Era una di quelle giornate storte pioggia battente, semafori eterni e una notizia ricevuta male. Marta camminava a testa bassa, il cappuccio tirato su, il cuore stretto come il nodo che da giorni sentiva in gola.
Non parlava con nessuno da ore. Anche il cellulare era silenzioso nessun messaggio, nessuna chiamata. Ma in fondo, non avrebbe saputo nemmeno cosa dire.
Si sedette sotto la pensilina del tram, le mani fredde nelle tasche, e un respiro che tremava più della pioggia. Aveva voglia di piangere, ma non usciva una lacrima. Solo stanchezza.
Fu allora che la vide arrivare.
Giulia. Il suo maglione grigio largo e stropicciato, la borsa sempre troppo piena e quello sguardo che ti legge dentro senza chiedere permesso.
Non disse nulla. Si sedette accanto a lei.
Solo un silenzio buono, morbido, pieno.
Dopo qualche minuto, Giulia tirò fuori un pacchetto di biscotti quelli al cacao che Marta amava da bambina e glielo porse. Marta sorrise appena, accennando un grazie con gli occhi.
Poi, con naturalezza, Giulia le mise una mano sulla spalla. E basta. Nessun discorso, nessuna soluzione. Solo presenza. Solo esserci.
E fu in quell’istante che Marta lo capì ci sono amicizie che non si chiamano amicizie. Si chiamano casa.
E Giulia era la sua.
Perché a volte l’anima riconosce chi ci appartiene, ancora prima che il cuore abbia il tempo di rendersene conto.
Si parla di legami rari, quelli che sfuggono alle etichette.
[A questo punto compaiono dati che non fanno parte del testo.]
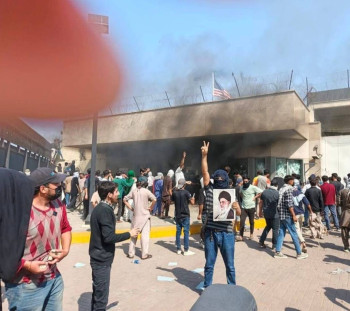 قتلى وجرحى خلال اقتحام محتجين على استشهاد السيد الخامنئي مقر القنصلية الأمريكية بكراتشي (فيديو)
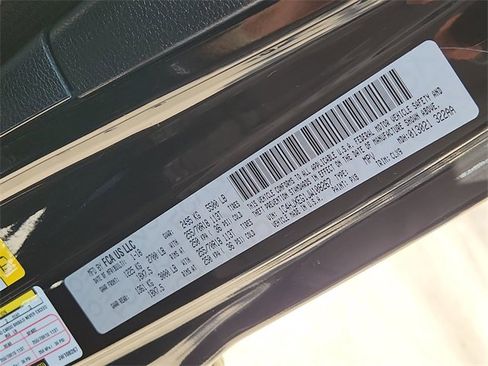 Used 2018 Jeep Wrangler Unlimited Sahara image 31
Non serve chiamarli amici del cuore o migliori amici, confidenti perché sono qualcosa di più profondo sono rifugi. Sono persone che non cercano di capire, perché già comprendono. Sono quelle che appaiono nei momenti in cui non hai la forza di chiedere, ma loro sanno. E ci sono.
E quando accade, non è fortuna. È riconoscimento.
L’anima, in silenzio, ha scelto. E il cuore, grato, le va dietro.